The microchip crisis and the consequent lack of new vehicles, the weakening of demand for an economic recovery that the war in Ukraine has put on hold and thrown families – and the economy in general – into uncertainty in a moment of rising prices and skyrocketing fuel costs, together with consumer doubts about what technology to choose for the engine in a context of decarbonisation, mix a cocktail that reflects in car sales that consumers do not see that it is the best time to buy a new vehicle. Not in vain, until May, the drop in registrations in Castilla y León is “alarming”, the president of the employers’ association of dealers, Faconauto, Gerardo Pérez, warned yesterday at a conference held in Valladolid.

They have collapsed 23 percent, well above the average of 11 for the whole of Spain.

“The consumer is afraid,” acknowledged Pérez who, although he stressed that Castilla y León is one of the communities that has best exhausted the funds of the Move Plan, called on the Board to start up aid to improve the acquisition of combustion vehicles such as other communities have been established. “More in a territory with so much weight in the sector” and that will be necessary to be able to maintain sales and employment. Employment in the dealership sector, in which about 5,000 people work in Castilla y León, has been maintained for the moment, but if it continues like this “it will be difficult” and “irremediably” it will have to be “destroyed”, warned the President of Faconauto.

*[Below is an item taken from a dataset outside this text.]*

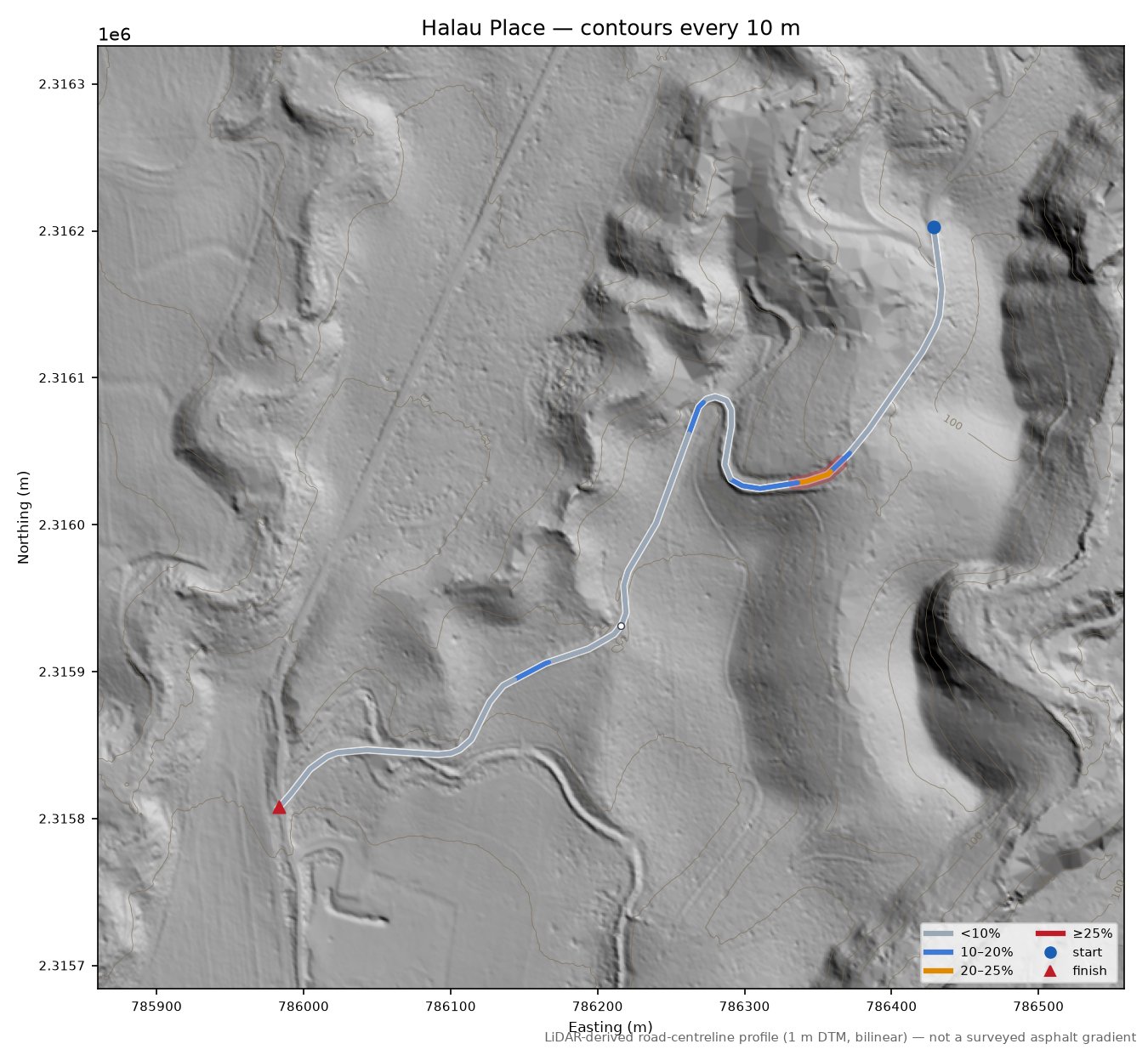 Halau Place LiDAR hillshade map with contours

The forecasts are not encouraging. Although the fall in registrations, revised “downward” given the context and the behavior of sales “worse than expected”, will mitigate somewhat at the end of the year, it will still be far from pre-pandemic levels. Thus, according to Faconauto, sales will remain at around 21,600 at the end of the year, 5% less than in 2021, but 60% below the more than 35,000 vehicles sold in 2019. And the trend will continue until at least 2023, although with a slight improvement, when it is expected that 24,500 units will be sold in Castilla y León.

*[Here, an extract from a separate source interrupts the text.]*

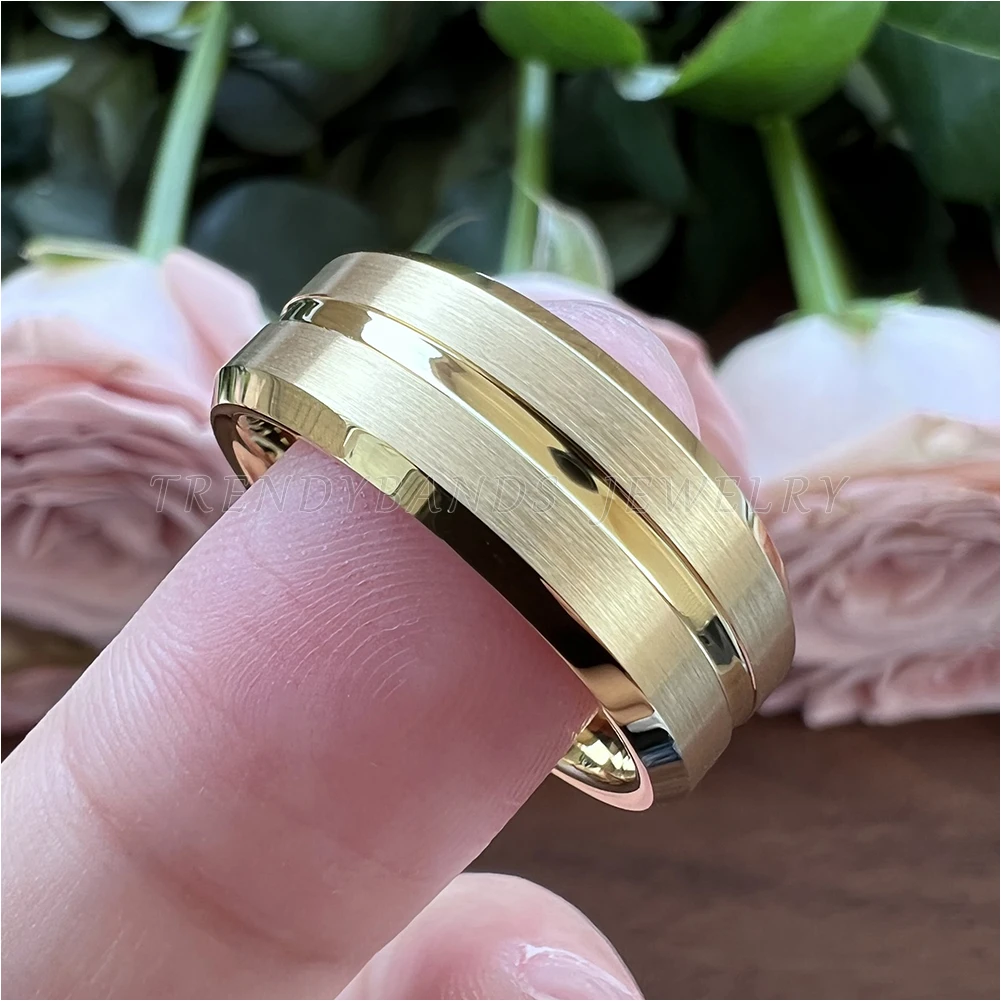 6mm 8mm Tungsten Ring for Men Women Engagement Wedding Band Beveled Edges Matte Finish Comfort Fit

Low-emission zones in cities are also a brake on sales, they warned from the sector, which appeals to “good sense” when setting deadlines. In Spain, warned the president of Faconauto, there are 26 million combustion vehicles, which are to be withdrawn from circulation by 2050, which would mean having to sell one million electric cars a year, when at the moment about 22,000, making it an “impossible to meet” target. There is also a lack of charging points: there are 19,000 in Spain and 350 in Castilla y León, when 15,000 and 350,000 are needed, respectively.